◆ **Goal of the exercise**
Reproduce exactly, and only, the lines below from the one containing "Zwei Käfer auf" through the one containing "Eine Graustufe der".

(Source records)
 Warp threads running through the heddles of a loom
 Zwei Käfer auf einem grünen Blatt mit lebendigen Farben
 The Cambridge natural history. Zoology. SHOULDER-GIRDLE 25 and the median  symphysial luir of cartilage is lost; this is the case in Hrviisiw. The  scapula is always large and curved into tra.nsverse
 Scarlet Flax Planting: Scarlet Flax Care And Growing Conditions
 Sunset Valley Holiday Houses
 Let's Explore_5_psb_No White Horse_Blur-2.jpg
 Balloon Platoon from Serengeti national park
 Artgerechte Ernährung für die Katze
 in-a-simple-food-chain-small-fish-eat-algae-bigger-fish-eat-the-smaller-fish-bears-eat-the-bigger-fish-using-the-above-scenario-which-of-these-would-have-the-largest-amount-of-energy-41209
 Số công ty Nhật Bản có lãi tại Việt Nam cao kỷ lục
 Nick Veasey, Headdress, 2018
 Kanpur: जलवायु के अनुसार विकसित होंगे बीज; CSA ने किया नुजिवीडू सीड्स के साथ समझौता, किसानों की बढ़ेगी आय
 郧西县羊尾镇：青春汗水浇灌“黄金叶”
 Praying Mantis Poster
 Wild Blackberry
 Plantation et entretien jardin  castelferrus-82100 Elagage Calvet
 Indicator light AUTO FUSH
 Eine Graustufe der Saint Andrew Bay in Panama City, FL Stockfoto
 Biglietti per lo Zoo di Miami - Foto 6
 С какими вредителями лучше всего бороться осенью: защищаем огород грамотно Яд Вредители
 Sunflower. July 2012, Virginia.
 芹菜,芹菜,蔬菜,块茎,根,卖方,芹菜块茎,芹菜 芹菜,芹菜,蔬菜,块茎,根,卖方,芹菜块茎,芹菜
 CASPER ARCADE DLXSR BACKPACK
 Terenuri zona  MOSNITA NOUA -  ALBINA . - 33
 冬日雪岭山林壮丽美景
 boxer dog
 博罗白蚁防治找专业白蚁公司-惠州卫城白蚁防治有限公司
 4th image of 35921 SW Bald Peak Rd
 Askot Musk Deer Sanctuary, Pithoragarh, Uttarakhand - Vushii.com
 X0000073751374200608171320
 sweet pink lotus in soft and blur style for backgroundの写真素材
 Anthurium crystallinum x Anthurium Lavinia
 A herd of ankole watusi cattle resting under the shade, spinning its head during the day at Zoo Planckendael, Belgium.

◆ **Answer area**
 Zwei Käfer auf einem grünen Blatt mit lebendigen Farben
 The Cambridge natural history. Zoology. SHOULDER-GIRDLE 25 and the median  symphysial luir of cartilage is lost; this is the case in Hrviisiw. The  scapula is always large and curved into tra.nsverse
 Scarlet Flax Planting: Scarlet Flax Care And Growing Conditions
 Sunset Valley Holiday Houses
 Let's Explore_5_psb_No White Horse_Blur-2.jpg
 Balloon Platoon from Serengeti national park
 Artgerechte Ernährung für die Katze
 in-a-simple-food-chain-small-fish-eat-algae-bigger-fish-eat-the-smaller-fish-bears-eat-the-bigger-fish-using-the-above-scenario-which-of-these-would-have-the-largest-amount-of-energy-41209
 Số công ty Nhật Bản có lãi tại Việt Nam cao kỷ lục
 Nick Veasey, Headdress, 2018
 Kanpur: जलवायु के अनुसार विकसित होंगे बीज; CSA ने किया नुजिवीडू सीड्स के साथ समझौता, किसानों की बढ़ेगी आय
 郧西县羊尾镇：青春汗水浇灌“黄金叶”
 Praying Mantis Poster
 Wild Blackberry
 Plantation et entretien jardin  castelferrus-82100 Elagage Calvet
 Indicator light AUTO FUSH
 Eine Graustufe der Saint Andrew Bay in Panama City, FL Stockfoto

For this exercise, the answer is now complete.